In fact, a recent case of retinal ischaemia secondary to FBA with Purtscher-like retinopathy was treated with steroids, however hyperbaric therapy (HBOT) was also utilised to address the severe macular ischaemia [10]. In view of the several other treatments that this patient was prescribed, including prednisolone, valaciclovir, acetylsalicylic acid, methotrexate and cyclosporin, the effectiveness of HBOT could not be accurately assessed. Moreover, retinal photocoagulation was also performed after the initiation of hyperbaric therapy to prevent neovascular complications such as retinal detachment and vitreous haemorrhage. However, the results in this patient were positive, thus showing that hyperbaric therapy may prove to be useful for the treatment of retinal ischaemia secondary to FBA. The reasoning behind this is that hyperbaric oxygen therapy is thought to enhance oxygen diffusion from the choroidal circulation to ischaemic retinal tissue, thus potentially reducing neuronal injury and restoring cellular metabolism. In this case, hyperbaric oxygen therapy was prescribed at 2.0 atmosphere absolute for 75 minutes per session, 1 session per day, 5 times per week.
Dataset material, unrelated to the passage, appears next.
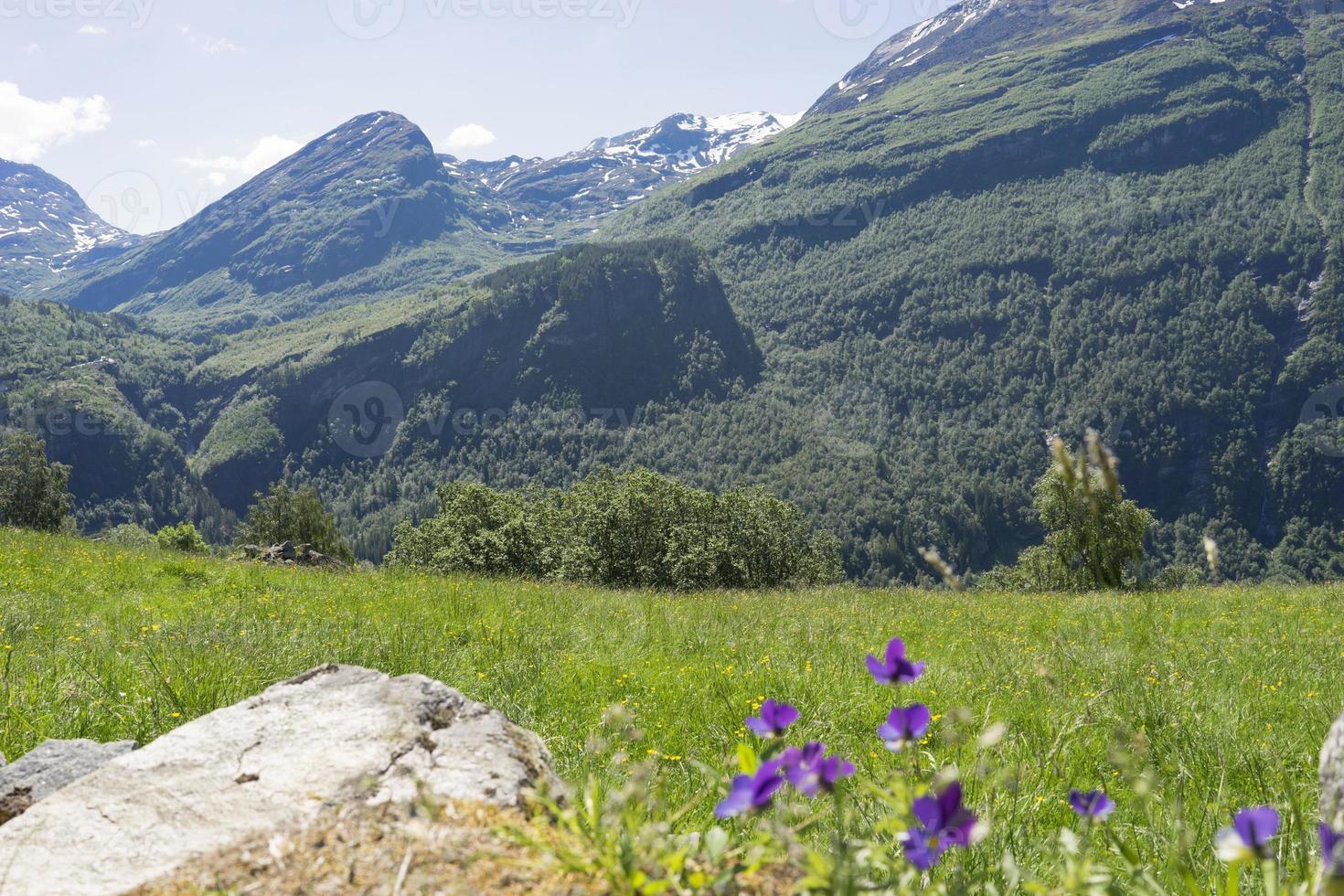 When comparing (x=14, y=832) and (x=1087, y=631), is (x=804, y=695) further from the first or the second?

A total of 39 sessions were given. HBOT has been utilised for many ophthalmic cases, such as treating central retinal artery occlusion and diabetic macular oedema with promising results [10]. Whilst the exact mechanism of action in FBA remains unclear, the increased oxygen concentration may help restore normal vascular function and support tissue repair in the ischaemic areas. Despite the use of multiple treatments in this case, the positive outcomes observed after HBOT suggest that it could be a valuable adjunct therapy in the management of retinal ischemia associated with FBA, particularly in cases where conventional treatments alone may not be sufficient. More research and controlled trials are needed to definitively establish the role of HBOT in such conditions and determine the optimal treatment protocols for its use.
4. Conclusion
Our case highlights the importance of recognizing FBA as a sight-threatening retinal vasculitis requiring prompt intervention. While corticosteroids remain the first-line treatment, additional immunosuppressive therapies or intravitreal injections may be warranted in severe cases. The prognosis largely depends on the extent of retinal ischemia, and patients with significant vascular occlusion may have poor visual recovery despite adequate treatment. Further studies are needed to establish optimal management strategies for this rare condition.
Consent
Informed consent was obtained from the patient to report this case.